Reproduce only the lines that run from the line with "A connected, automated kitchen" to the last line of the material, both ends included, exactly as they appear.

BEGIN Data for analysis

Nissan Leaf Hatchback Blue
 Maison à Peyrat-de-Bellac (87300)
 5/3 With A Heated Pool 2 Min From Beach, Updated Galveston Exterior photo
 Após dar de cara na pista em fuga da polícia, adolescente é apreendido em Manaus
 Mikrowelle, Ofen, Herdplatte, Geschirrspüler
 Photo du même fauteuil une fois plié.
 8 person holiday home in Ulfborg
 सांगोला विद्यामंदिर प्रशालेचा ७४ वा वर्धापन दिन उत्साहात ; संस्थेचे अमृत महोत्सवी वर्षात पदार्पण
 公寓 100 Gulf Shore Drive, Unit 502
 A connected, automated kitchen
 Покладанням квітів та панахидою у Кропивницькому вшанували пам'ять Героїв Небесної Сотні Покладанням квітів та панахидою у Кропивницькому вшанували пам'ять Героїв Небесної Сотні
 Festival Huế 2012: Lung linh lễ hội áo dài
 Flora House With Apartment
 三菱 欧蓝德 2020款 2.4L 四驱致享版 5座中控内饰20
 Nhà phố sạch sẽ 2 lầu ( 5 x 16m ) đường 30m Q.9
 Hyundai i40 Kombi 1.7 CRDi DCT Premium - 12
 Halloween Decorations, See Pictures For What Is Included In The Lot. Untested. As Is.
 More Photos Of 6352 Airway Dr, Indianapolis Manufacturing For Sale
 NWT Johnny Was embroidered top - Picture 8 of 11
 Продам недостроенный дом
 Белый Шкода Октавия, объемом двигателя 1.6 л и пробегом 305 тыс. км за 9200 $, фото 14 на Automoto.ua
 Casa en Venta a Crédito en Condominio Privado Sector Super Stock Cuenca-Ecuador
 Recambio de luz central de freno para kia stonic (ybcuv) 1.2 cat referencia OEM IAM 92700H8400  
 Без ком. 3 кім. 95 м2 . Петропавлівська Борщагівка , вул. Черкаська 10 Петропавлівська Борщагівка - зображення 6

END Data for analysis

> _Solution to the exercise_:
 A connected, automated kitchen
 Покладанням квітів та панахидою у Кропивницькому вшанували пам'ять Героїв Небесної Сотні Покладанням квітів та панахидою у Кропивницькому вшанували пам'ять Героїв Небесної Сотні
 Festival Huế 2012: Lung linh lễ hội áo dài
 Flora House With Apartment
 三菱 欧蓝德 2020款 2.4L 四驱致享版 5座中控内饰20
 Nhà phố sạch sẽ 2 lầu ( 5 x 16m ) đường 30m Q.9
 Hyundai i40 Kombi 1.7 CRDi DCT Premium - 12
 Halloween Decorations, See Pictures For What Is Included In The Lot. Untested. As Is.
 More Photos Of 6352 Airway Dr, Indianapolis Manufacturing For Sale
 NWT Johnny Was embroidered top - Picture 8 of 11
 Продам недостроенный дом
 Белый Шкода Октавия, объемом двигателя 1.6 л и пробегом 305 тыс. км за 9200 $, фото 14 на Automoto.ua
 Casa en Venta a Crédito en Condominio Privado Sector Super Stock Cuenca-Ecuador
 Recambio de luz central de freno para kia stonic (ybcuv) 1.2 cat referencia OEM IAM 92700H8400  
 Без ком. 3 кім. 95 м2 . Петропавлівська Борщагівка , вул. Черкаська 10 Петропавлівська Борщагівка - зображення 6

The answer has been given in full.